> **What you have to do**: Please return every entry below exactly as written, without any of its pictures.

> **Short descriptive text snippets**:
◆ ◆ ◆ ◆ ◆ ◆ ◆

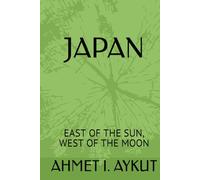 JAPAN: EAST OF THE SUN, WEST OF THE MOON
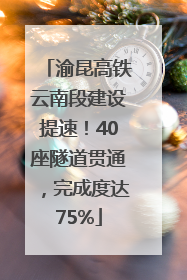 渝昆高铁云南段建设提速！40座隧道贯通，完成度达75%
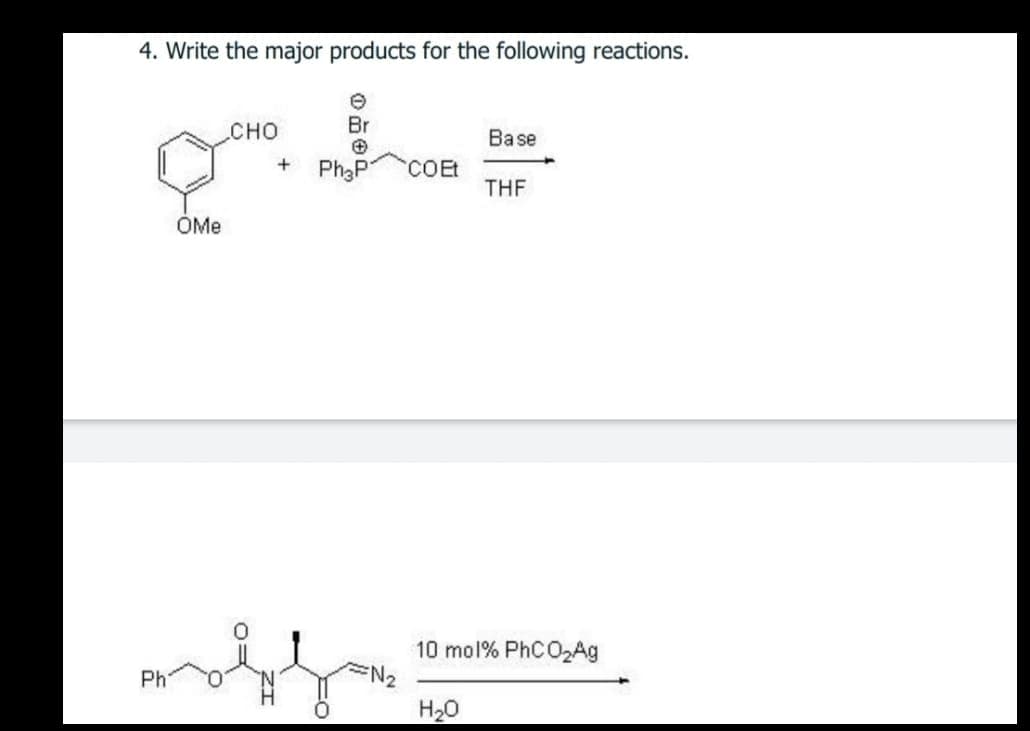 4. Write the major products for the following reactions.
сно
Br
Base
Ph3F
COEt
THE
ÓMe
10 mol% PHCO2A9
Ph
H20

◆ ◆ ◆ ◆ ◆ ◆ ◆

> **Written reply**:
 JAPAN: EAST OF THE SUN, WEST OF THE MOON
 渝昆高铁云南段建设提速！40座隧道贯通，完成度达75%
 4. Write the major products for the following reactions.
сно
Br
Base
Ph3F
COEt
THE
ÓMe
10 mol% PHCO2A9
Ph
H20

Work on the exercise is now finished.